The Father of Personal Computing Who Was Also a Terrible Dad
Image
Lisa Brennan-JobsCreditCreditFrances F. Denny for The New York Times
By Melanie Thernstrom
Sept. 4, 2018

SMALL FRY
By Lisa Brennan-Jobs
Illustrated. 381 pp. Grove Press. $26.

The myth of Steve Jobs: iconoclastic artistic genius, Nietzschean Übermensch, progenitor of the digital revolution who reshaped our domestic lives the same way that the titans of the Industrial Revolution reshaped cities and factories. Although dark tales about Jobs have appeared in biographies and movies, they have only burnished the legend: After all, the Übermensch is not a mensch. But “Small Fry,” an entrancing memoir by his first child, Lisa Brennan-Jobs, will force readers to grapple with whether Jobs was not merely unmenschlike but a monster. It is not a stretch to say that if you read this book, you will never think of Jobs the same way again.

Brennan-Jobs herself never addresses the question of his legacy; her book is written from the perspective of a child longing for a father. She grew up in Palo Alto with an impoverished single mother, Jobs’s high school girlfriend, Chrisann Brennan, and had moved 13 times by the time she was 7 — a bohemian existence so chaotic that the Humane Society rejected their application for a kitten. (Lisa had to settle for mice.) Yet all the while, just around the corner, was the increasingly famous, wealthy father who refused to parent her.

At a birthday party for her younger half sister Eve, a guest asks Lisa who she is. Eve responds, “She was daddy’s mistake.”

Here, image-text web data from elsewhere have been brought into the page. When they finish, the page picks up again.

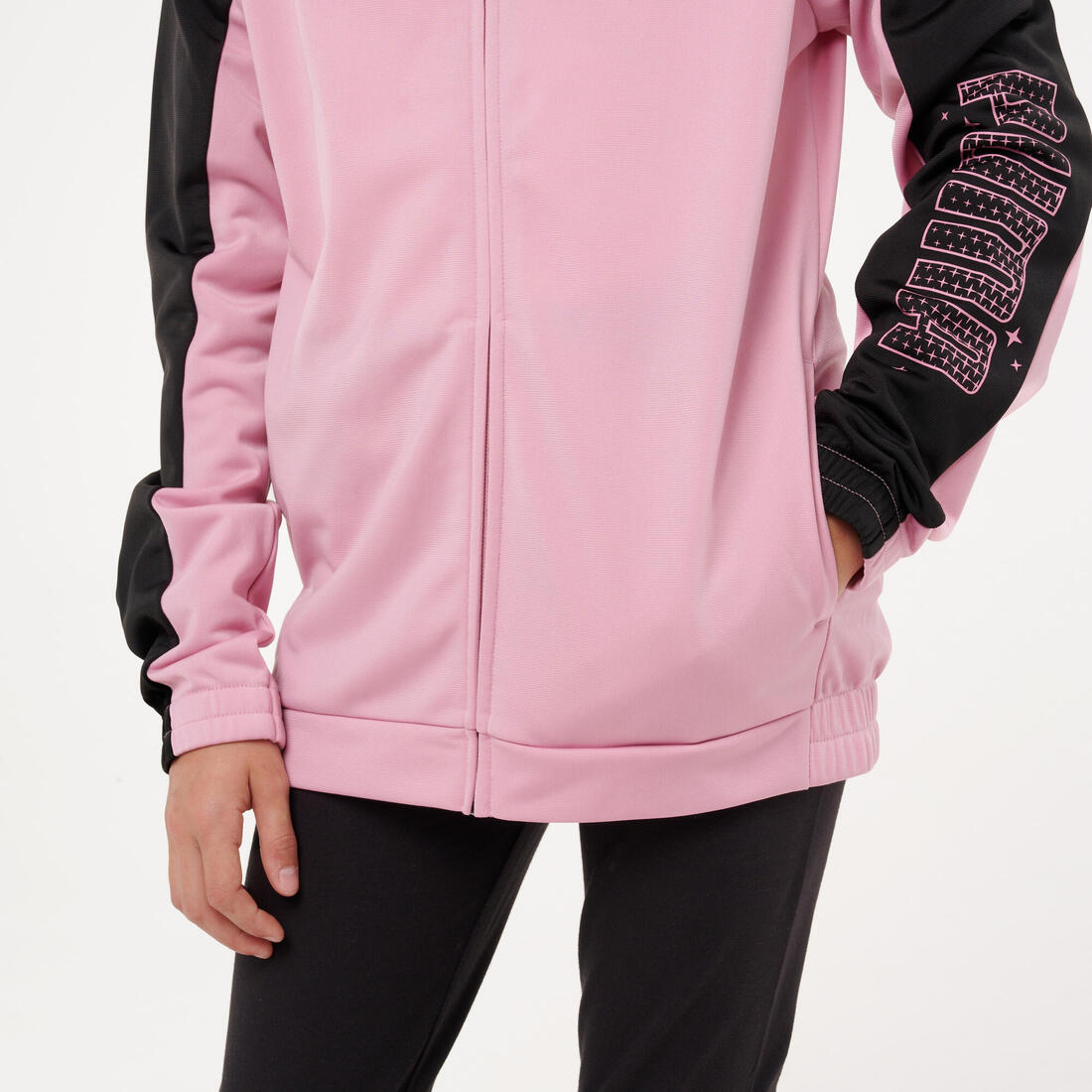 Ensemble survêtement polyester fille, rose et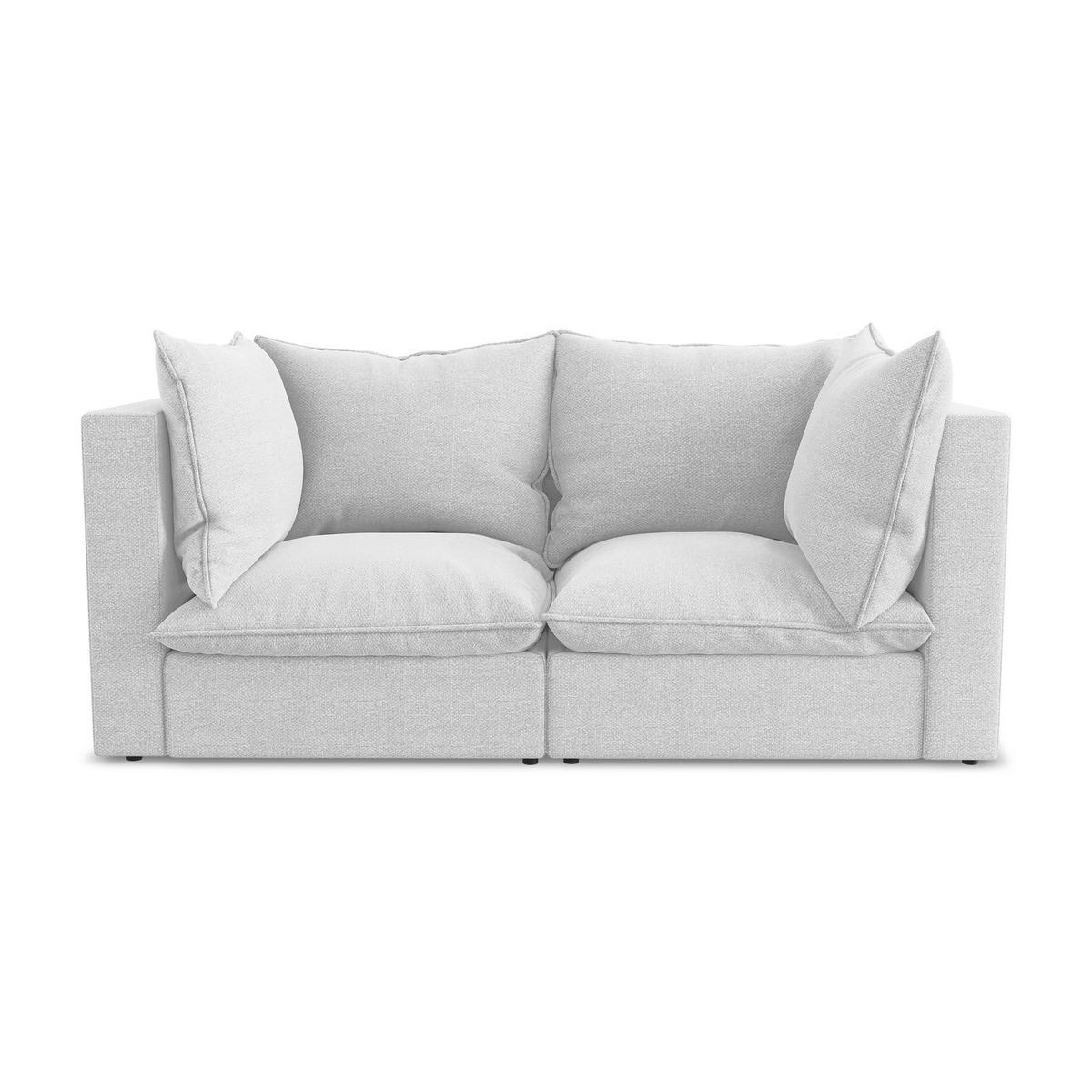 2-SITZER-SOFA Bouclé Stoff Grau - Silberfarben/Schwarz, Holzwerkstoff/Kunststoff (180/77/90cm) - LaMiaSofa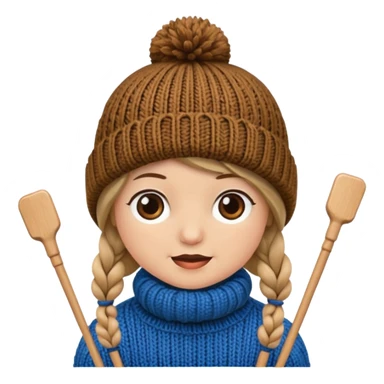Knitted hat with knitting needles sticker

“You shouldn’t say that,” Lisa whispers in Eve’s ear, reeling. It is the terrible motif of her life. For the first three years after her birth, Jobs denies paternity (and later, when she is an adult, he erases her existence again, describing himself to magazines and on his company’s website as the father of only her three half siblings). Chrisann also makes her feel like a mistake, repeatedly intimating that being a single mother is too difficult for her. By kindergarten, Lisa had internalized her unwantedness and begun “to feel there was something gross and shameful about me,” as if she were “wormy inside, like I’d caught whatever disease or larvae were passed through raw eggs and flour when I snuck raw cookie dough.”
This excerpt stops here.